> _EXERCISE INSTRUCTIONS_
For this exercise, the lines from the one with "Комнатные цветы" through the final line of the data below are to be transcribed exactly, and pictures are to be skipped.
[Opening DATA EXCERPT section]
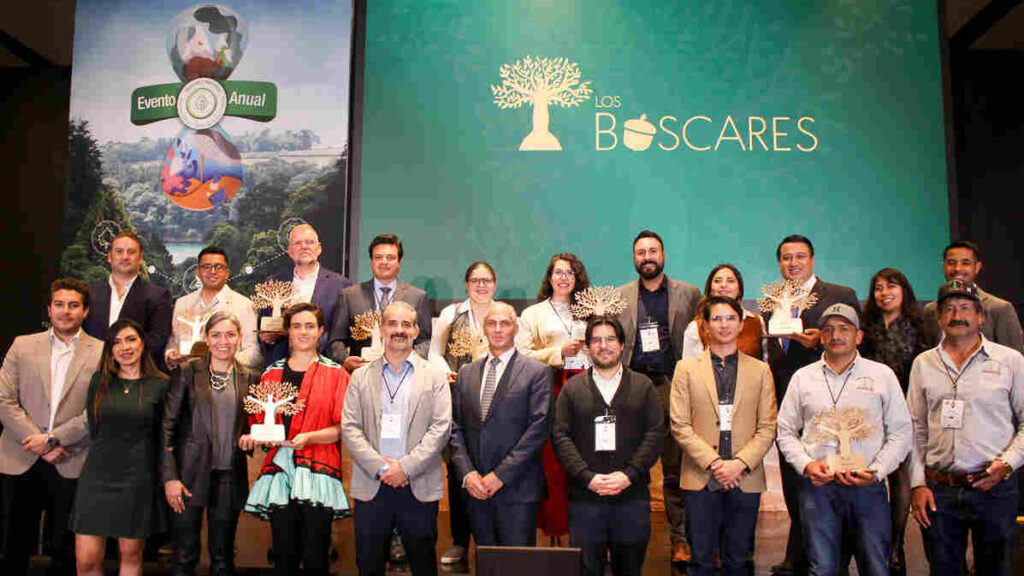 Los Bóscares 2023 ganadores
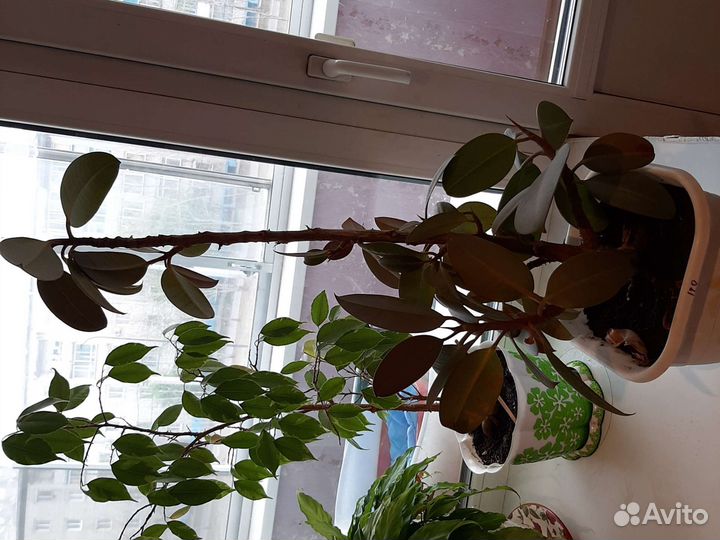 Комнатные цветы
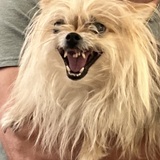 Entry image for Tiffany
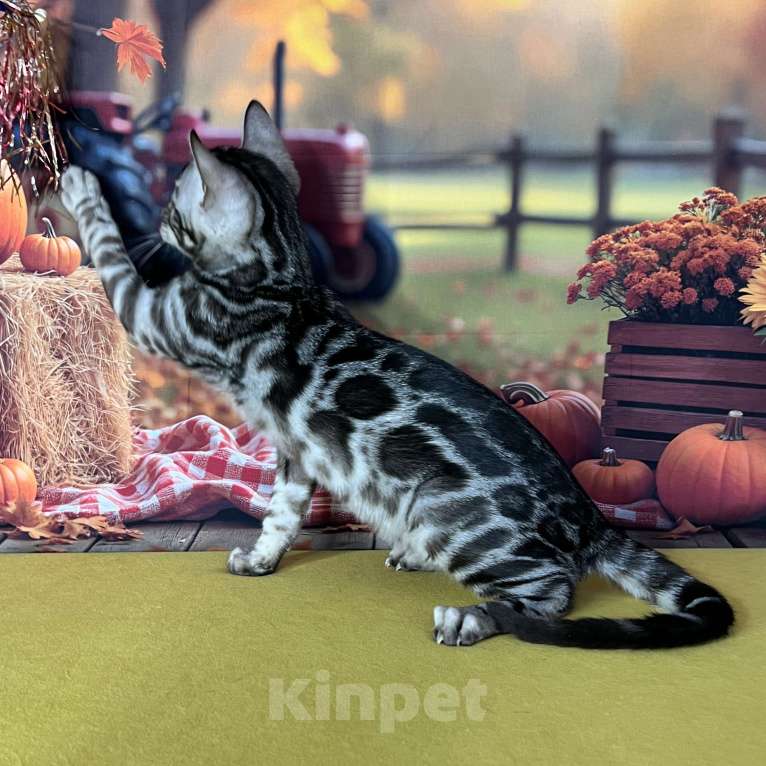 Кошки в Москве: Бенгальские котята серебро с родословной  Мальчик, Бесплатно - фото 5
[Closing DATA EXCERPT section]
> _SOLUTION TO THIS EXERCISE_
 Комнатные цветы
 Entry image for Tiffany
 Кошки в Москве: Бенгальские котята серебро с родословной  Мальчик, Бесплатно - фото 5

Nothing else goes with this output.